We had a recent service outage and figured we should write a post-mortem of what happened and how we are going to prevent it from happening again.

On 2024-05-27 at 12:19 PM EST we became aware that our bouncer went offline. We quickly started investigating the cause and came up with a plan to get our services back online. Upon initial investigation our VM was unresposive and our immediate remediation was to force reboot it. This resolved the outage and got our services back online.

The following services were impacted:

Outage duration:

Offline: 2024-05-27 at 11:02 AM EST
Online: 2024-05-27 at 12:58 PM EST
Total duration: 1 hour and 56 minutes

Once services were back online we started investigating the root cause. After looking at our resource monitoring and logs we discovered an underlying issue with tuns (our instance of sish).

Root Cause #

The root cause was our VM ran out of memory, here's the summary:

We provide a tuns console so user's can view requests that are made to their tunnels (request inspection)
That service requires request and response payloads to be loaded into memory
Usage of tuns spiked yesterday and caused our VM to run out of memory
VM became unresponsive

Prevention #

sish has a setting --service-console-max-content-length that let's us decide when to show the request/response payload to a user (reading it into memory). We are setting this to something within the confines of our VM's memory limits. We then stress tested this change to confirm it will prevent the root cause from happening again.

Monitoring #

We have an IRC channel (#pico.sh-ops) to receive alerts from our monitoring systems. We use prometheus for all of our services and we did receive alerts about the service outage.
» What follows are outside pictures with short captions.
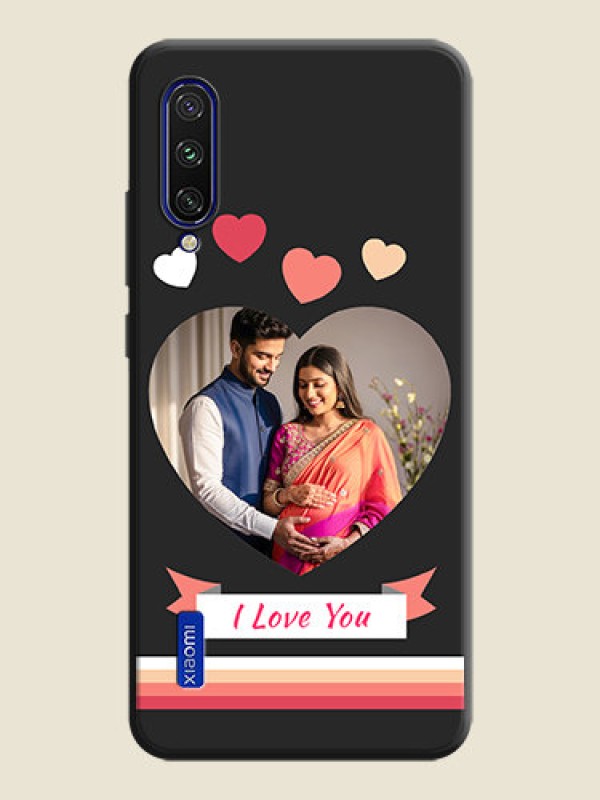 Custom Love Shaped Photo with Colorful Stripes on Personalised Space Black Soft Matte Cases - Mi A3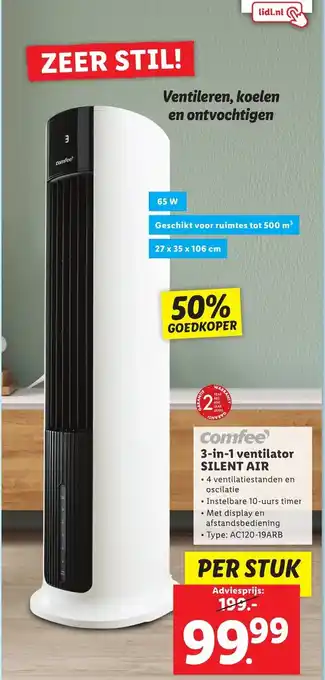 Lidl comfee 3-in-1 ventilator SILENT AIR aanbieding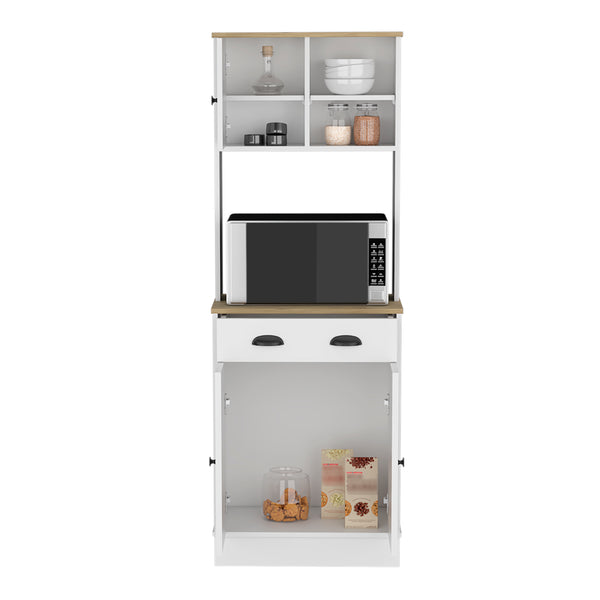 English Elm Albany Multicolor Kitchen Pantry Cabinet with 3 Doors, Drawer, Adjustable Shelves & Microwave Top B200P188855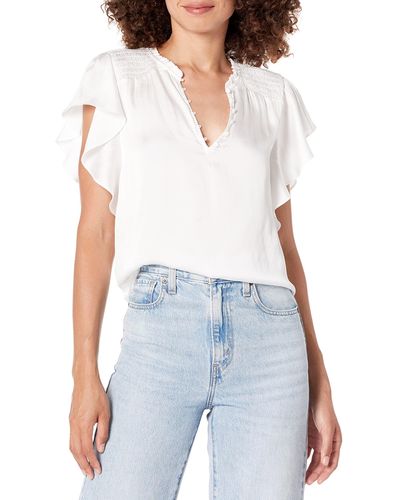 PAIGE Womens Dewan Top Flutter Sleeve Cascading Ruffles Smocking At The Yoke In White Blouse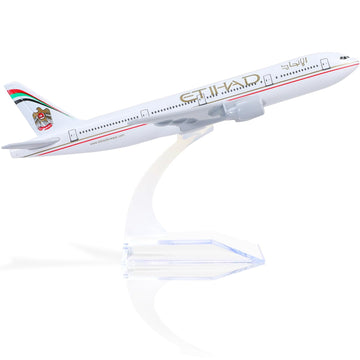 QIYUMOKE 1/400 Compatible for UAE Boeing 777 Diecast Model Airplane with Display Stand, 6-Inch Metal Airliner Model for Aviation Collectors, Desktop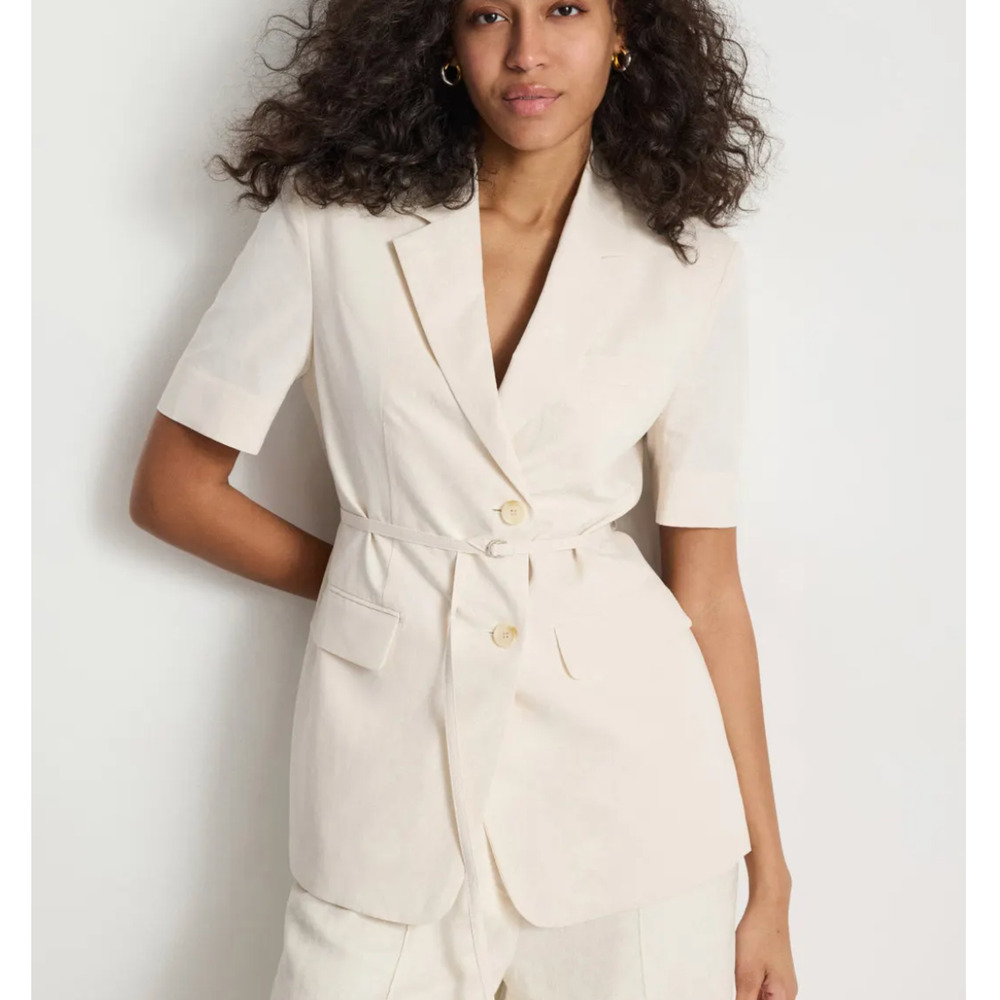 Dunst Off White Linen Blazer XS Career Top Belted Short Sleeve Designer $215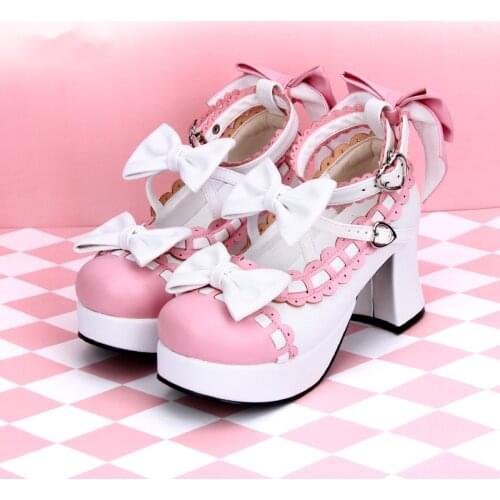 Japanese classic tea party LOLITA shoes thick Heel Bowknot princess shoes Cos sweet cute Lolita Palace Anime Lolita Shoes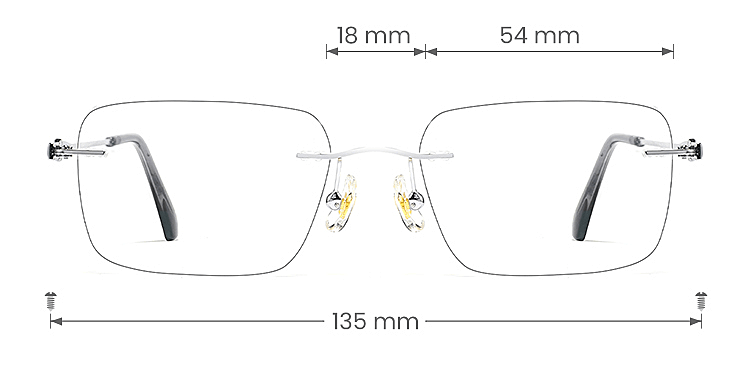 Beaver silver   Metal  Eyeglasses, size view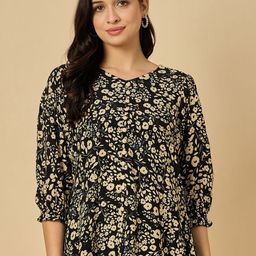 Azira Floral Print Puff Sleeve Top-image-11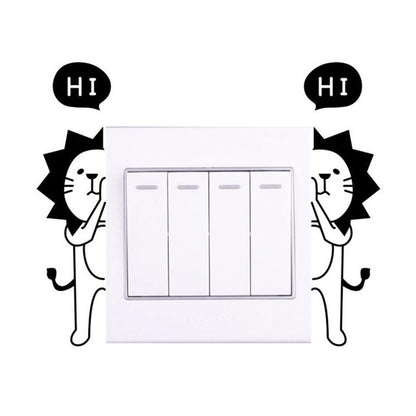 DIY Funny Cute Sleeping Cat Dog Switch Wall Stickers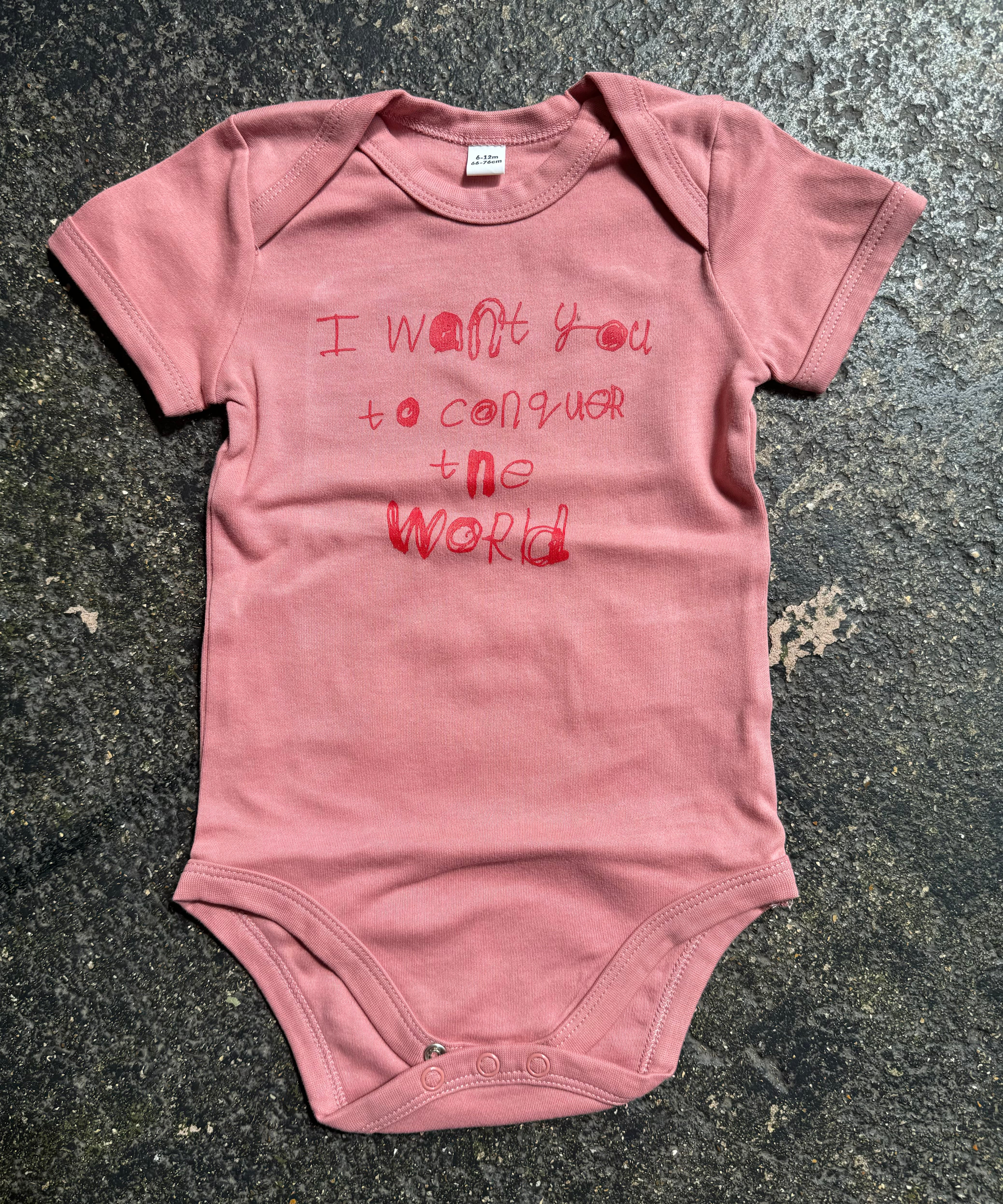 BABY BODYSUIT - I WANT YOU TO CONQUER THE WORLD by NOTES BY PIPER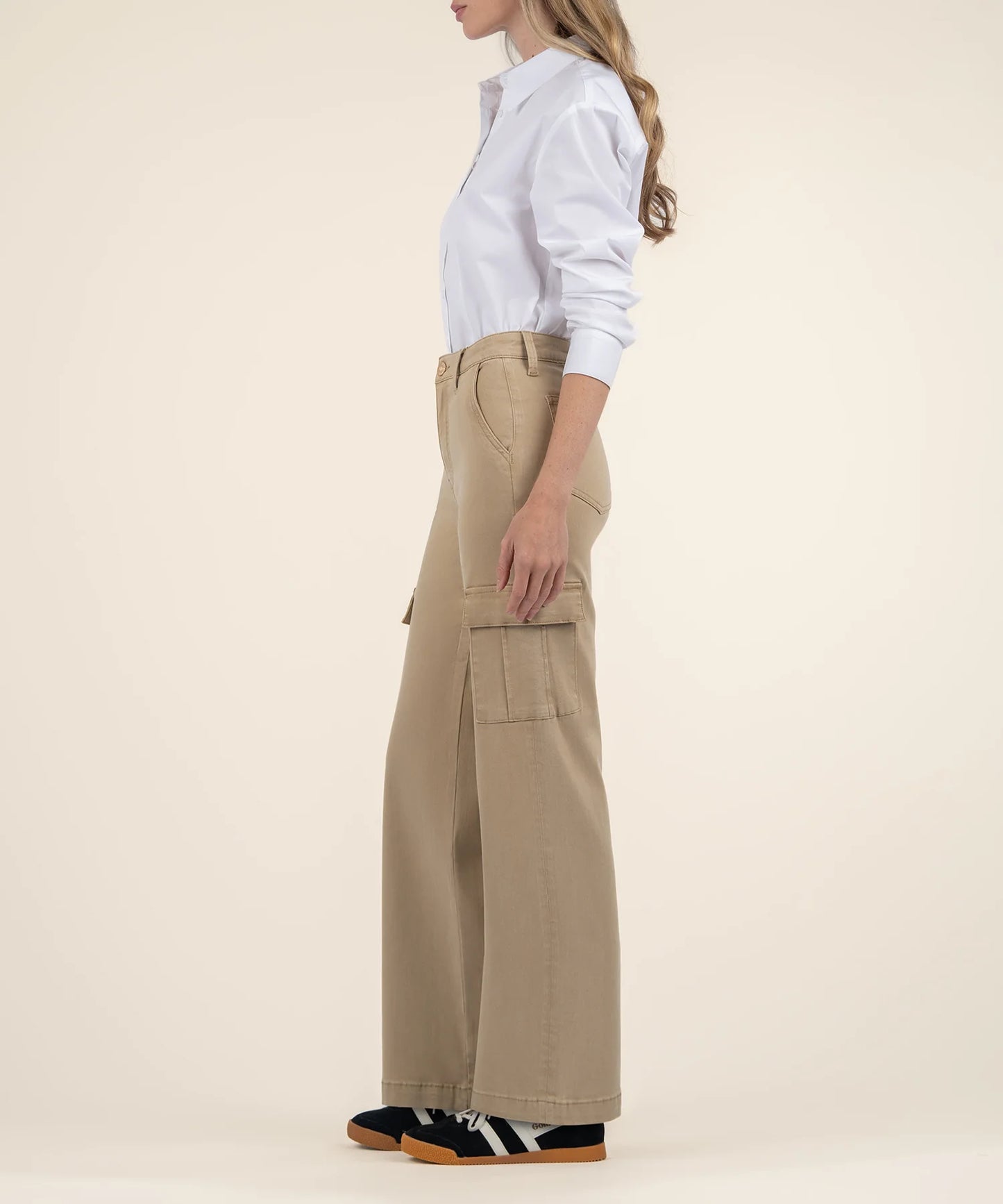 Miller High Rise Wide Led Pant with Cargo Pockets (Ginger)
Unfortunately for us, we did not get pinged on our phones because we were no longer connected to IRC (through our bouncer).

We already have a bot that connects to our bouncer in order to send us emails for important messages, so we are going to extend this bot to send email alerts when it cannot connect successfully to our bouncer.

Conclusion #

We take service availability and uptime seriously and thank everyone for their patience.

#outage

last updated: 2024-10-26